Your objective:
Your answer should hold the data exactly as given, minus any picture.

Recorded information:

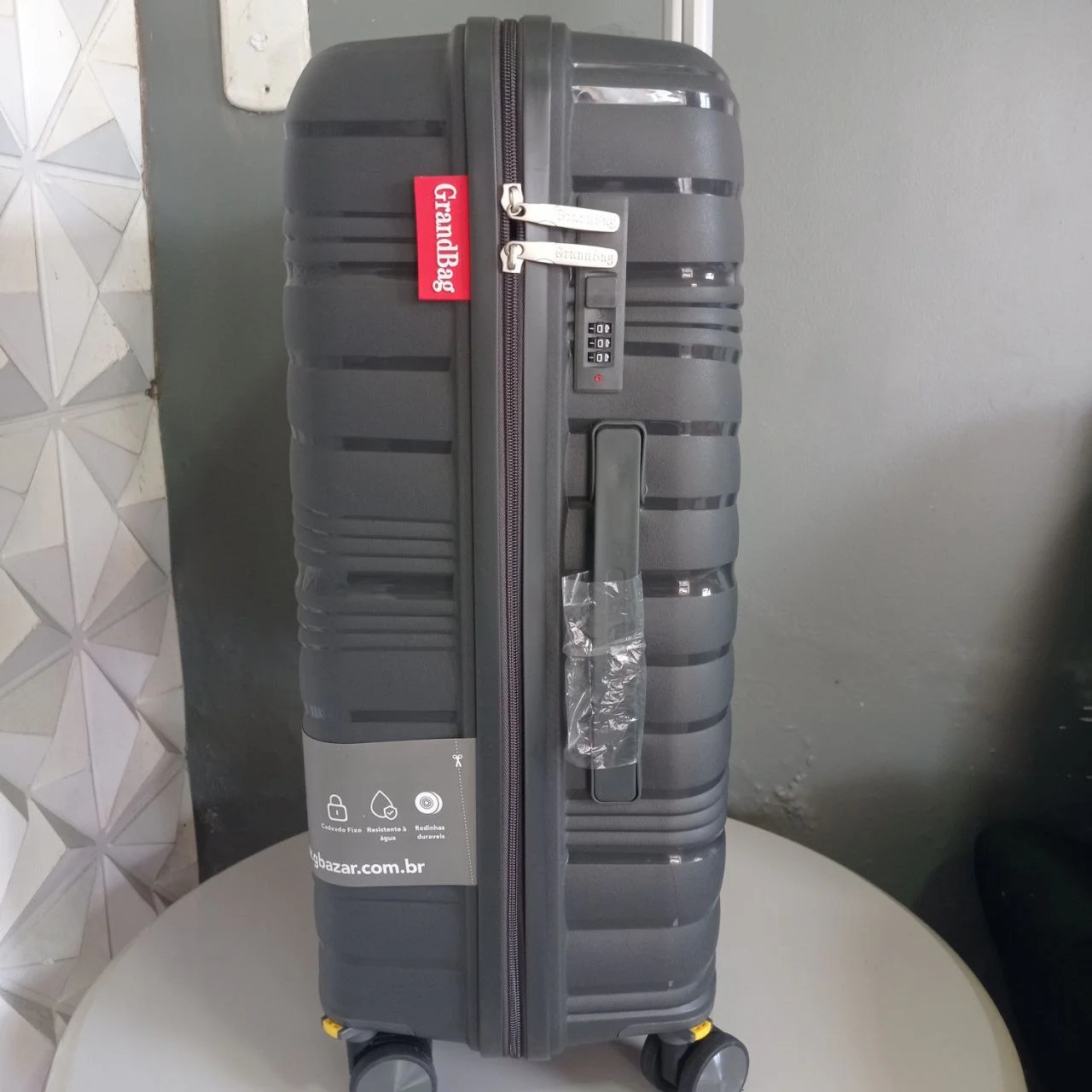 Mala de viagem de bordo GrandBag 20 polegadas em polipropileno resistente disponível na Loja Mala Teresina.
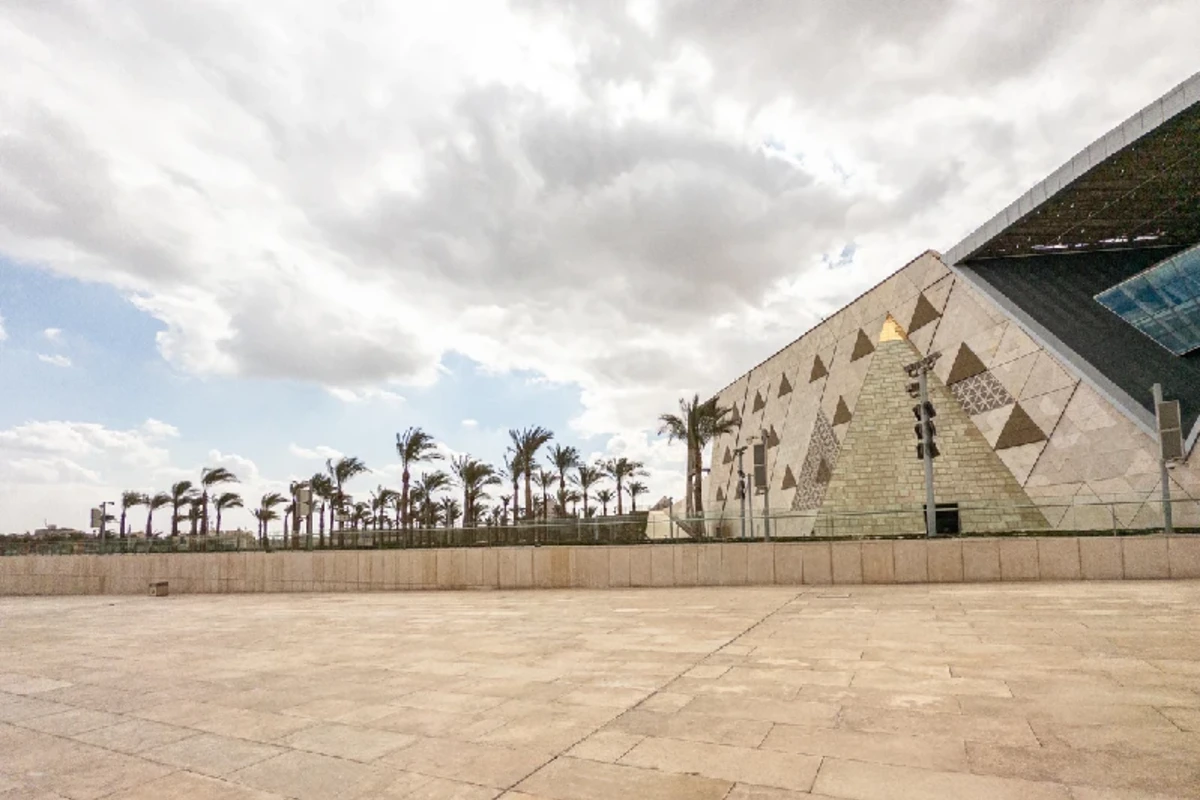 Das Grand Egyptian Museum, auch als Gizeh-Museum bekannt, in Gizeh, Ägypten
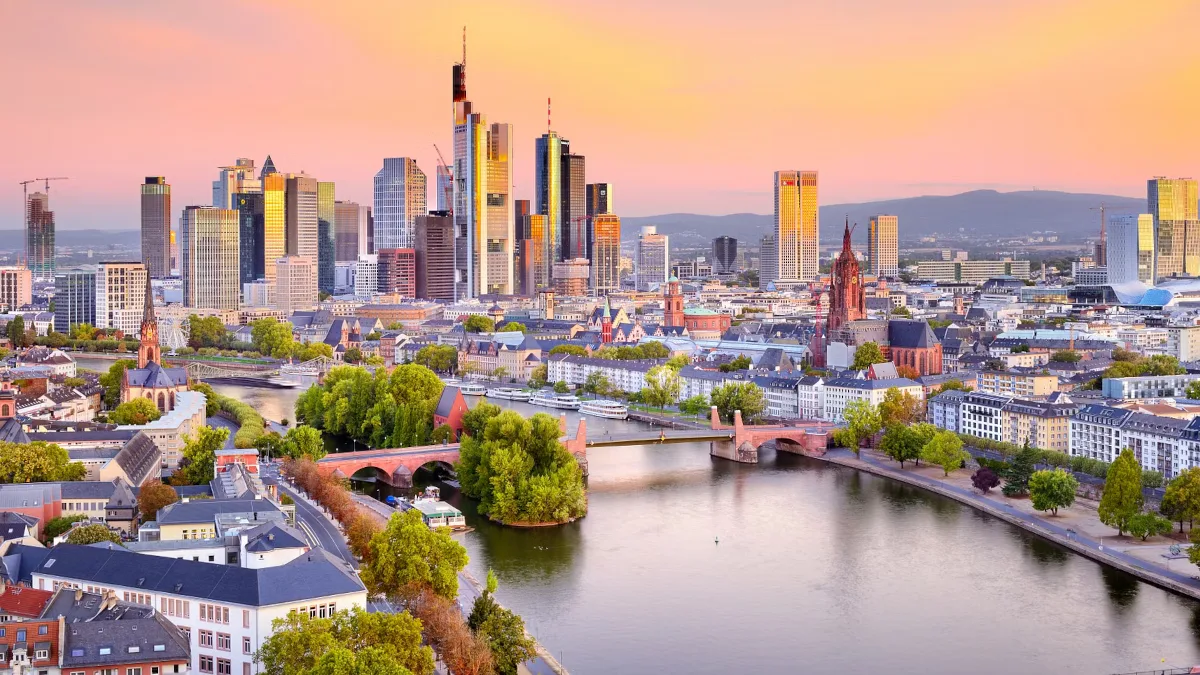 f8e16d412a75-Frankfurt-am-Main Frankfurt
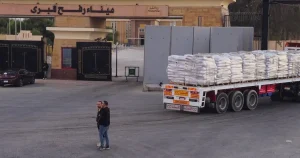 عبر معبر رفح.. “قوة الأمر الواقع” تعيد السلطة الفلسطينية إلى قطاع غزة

Problem solution:
 Mala de viagem de bordo GrandBag 20 polegadas em polipropileno resistente disponível na Loja Mala Teresina.
 Das Grand Egyptian Museum, auch als Gizeh-Museum bekannt, in Gizeh, Ägypten
 f8e16d412a75-Frankfurt-am-Main Frankfurt
 عبر معبر رفح.. “قوة الأمر الواقع” تعيد السلطة الفلسطينية إلى قطاع غزة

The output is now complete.